Top of Data listing

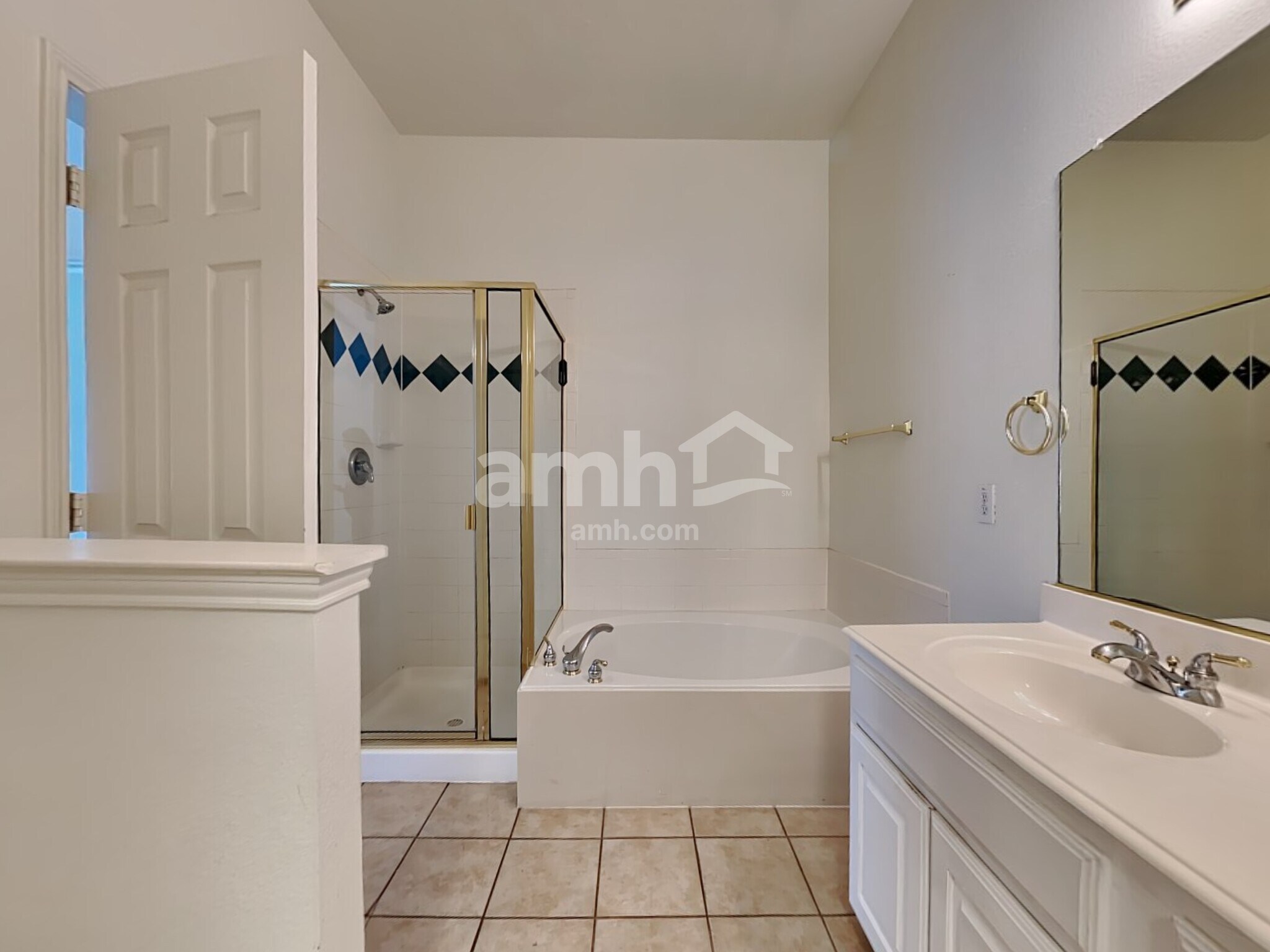 Building Photo - 2923 Tanglebrook Dr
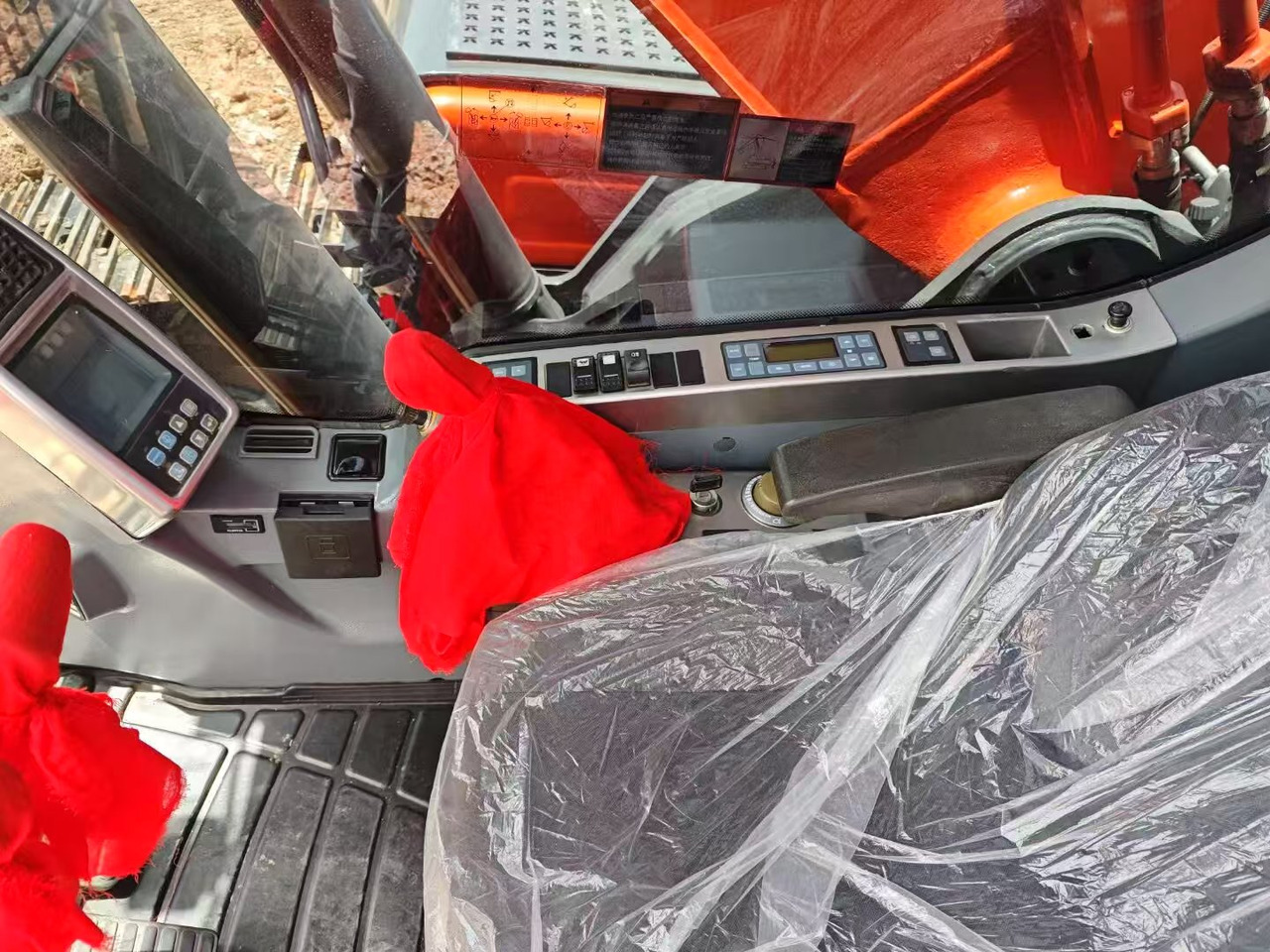 DOOSAN DX300 - Kāpurķēžu ekskavators: foto 5 DOOSAN DX300 - Kāpurķēžu ekskavators: foto 5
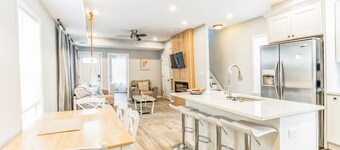 113 N Ohio  (Full House) · Outlets ★ Convention Center ★ Parking   ★Sleeps 14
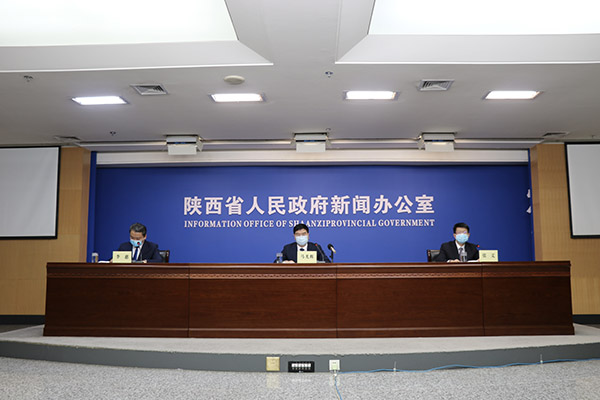 <b>陕西疾控专家张义：共同聚餐已成为本轮疫情的主要传播方式</b>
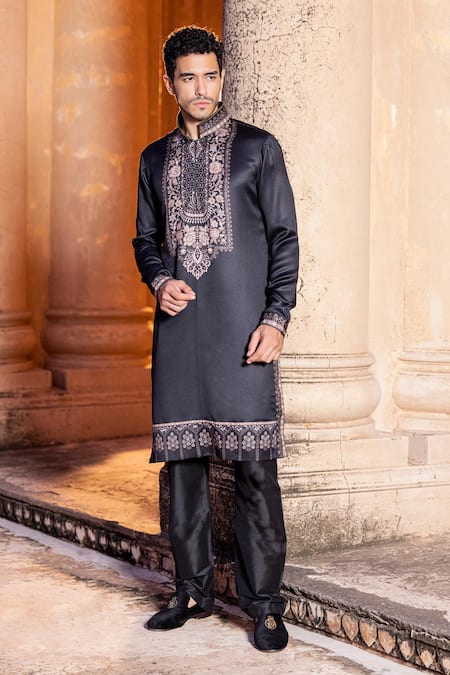 AMIT ARORA Black Kurta Jaam Satin Print Floral With Aligadi Pant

Bottom of Data listing

__Task brief__
Reproduce the material above exactly but drop all images.

__Answer space__
 Building Photo - 2923 Tanglebrook Dr
 DOOSAN DX300 - Kāpurķēžu ekskavators: foto 5 DOOSAN DX300 - Kāpurķēžu ekskavators: foto 5
 113 N Ohio  (Full House) · Outlets ★ Convention Center ★ Parking   ★Sleeps 14
 <b>陕西疾控专家张义：共同聚餐已成为本轮疫情的主要传播方式</b>
 AMIT ARORA Black Kurta Jaam Satin Print Floral With Aligadi Pant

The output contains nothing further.